Eight dark tourism sites around the world

A new institute in Britain is to look at the phenomenon of 'dark tourism,' the popularity of sites and attractions that are focused on death, suffering or the macabre. Here, a look at some of the world's most popular dark tourism destinations.

Pere Lachaise Cemetery

Paris's largest cemetery is home to luminaries including Edith Piaf, Oscar Wilde, Frederic Chopin, Molière, Marcel Proust and Jim Morrison, attracting visitors from all over the world.

Ground Zero
New York

Millions of visitors make the pilgrimage to the site where the World Trade Center stood before its destruction on September 11, 2001. The site is now home to the 9/11 Memorial, with a museum set to open later this year.

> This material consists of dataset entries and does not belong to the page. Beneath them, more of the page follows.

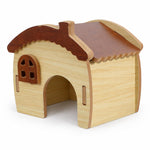 Qpets Wooden Hamster House with Natural Wood, Enclosed Hideout and Tool-Free Assembly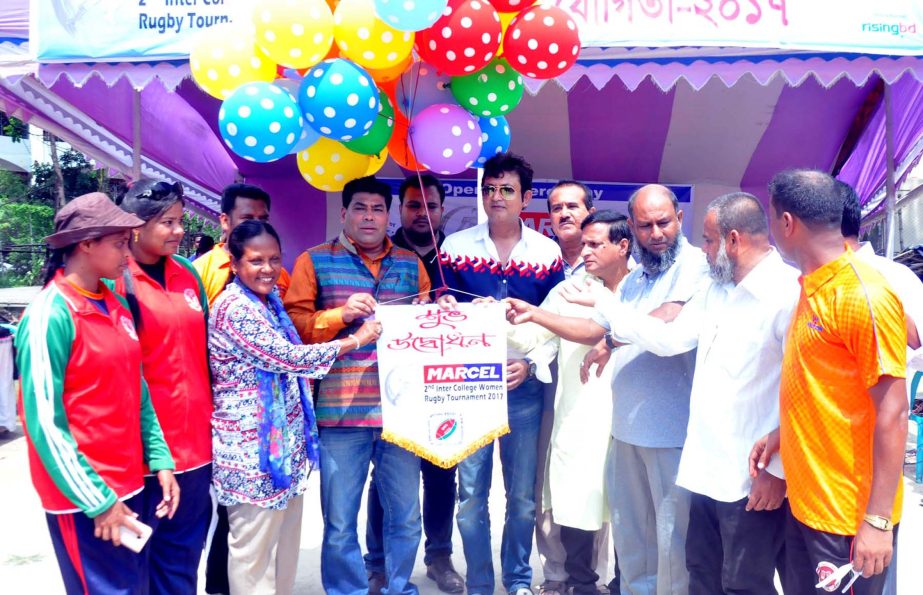 Film actor and Brand Ambassador of Marcel Amin Khan inaugurating the Marcel 2nd Inter-College Women's Rugby Competition by releasing the balloons as the chief guest at Paltan Maidan on Saturday.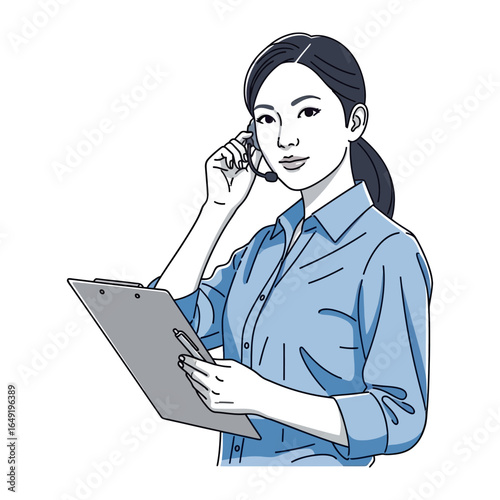 Smart Support: A poised professional in a blue shirt holds a clipboard and headset, ready to provide support, in this refined line art presentation.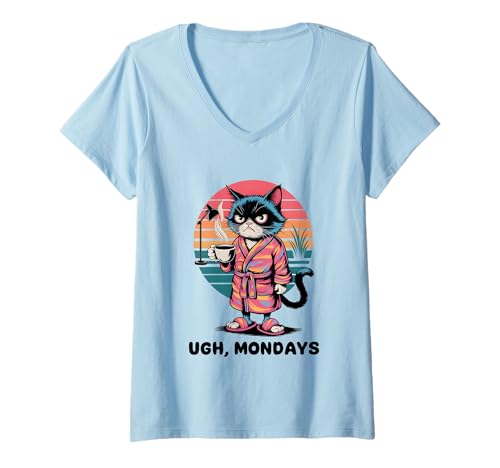 Damen Ugh Mondays Funny Cat Coffee Lovers Employees Students Humor T-Shirt mit V-Ausschnitt von Funny Sarcastic Ugh Mondays Employee Student Gifts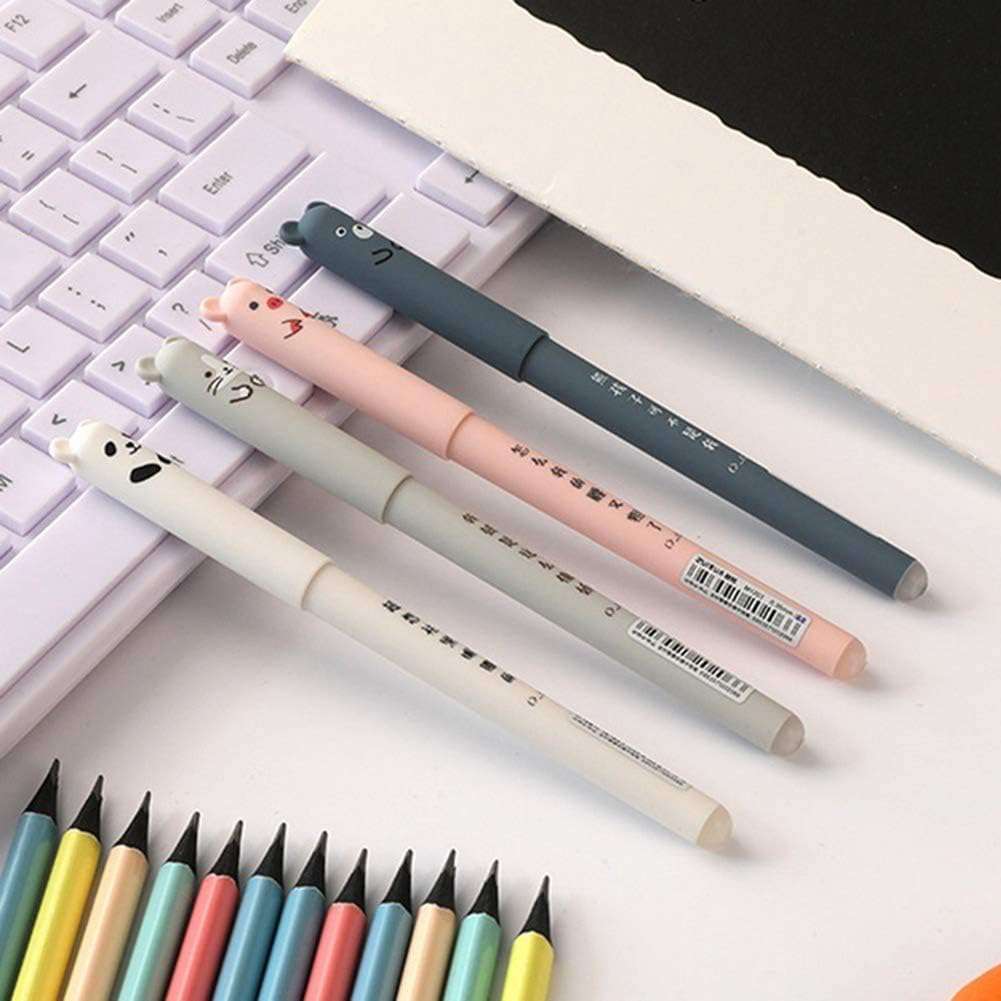 Gelpen, 0,35 mm, schattig cartoon-dier, uitwisbaar, blauwe inkt, voor studenten, schrijfwaren, kantoor, cadeau, 4 stuks, eenheidsmaat, willekeurige kleurkeuze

World War One Battlefields
Ypres, Belgium

The area around Ypres saw some of the fiercest fighting of WWI. The town is now home to the Menin Gate, commemorating soldiers who have no grave, and the In Flanders Fields Museum -- thousands visit every year.

Oswiecim, Poland

The remaining parts of this World War Two concentration camp are preserved in memory of the 1.1 million people who died here. It's now a major tourist attraction, with visitors from around the world, with a museum, guided tours and the largest art collection of its kind in the world.

Old Melbourne Gaol
Melbourne, Australia

Old Melbourne Gaol is one of Melbourne's most popular tourist attractions thanks to its dark past -- it was the place of execution for 135 prisoners, including Ned Kelly.

Titanic Museum
Belfast, Ireland

Opened this year to coincide with the centenary of the Titanic disaster, the Titanic Belfast Museum is located on the slipways where RMS Titanic was built and tells the story from her construction to her end, at the bottom of the Atlantic Ocean.

Choeung Ek
Phnom Penh, Cambodia

The best known of Cambodia's 'Killing Fields,' Choeung Ek stands as a grisly reminder of the horrors inflicted by the Khmer Rouge, bones and teeth still littered across the site.

Hiroshima Peace Museum
Hiroshima, Japan

Over one million people every year visit the Hiroshima Peace Memorial Museum, which displays the belongings of those killed by the atomic bomb dropped there in 1945. It's divided into sections telling the story of Hiroshima until the bomb, and the damage inflicted by it.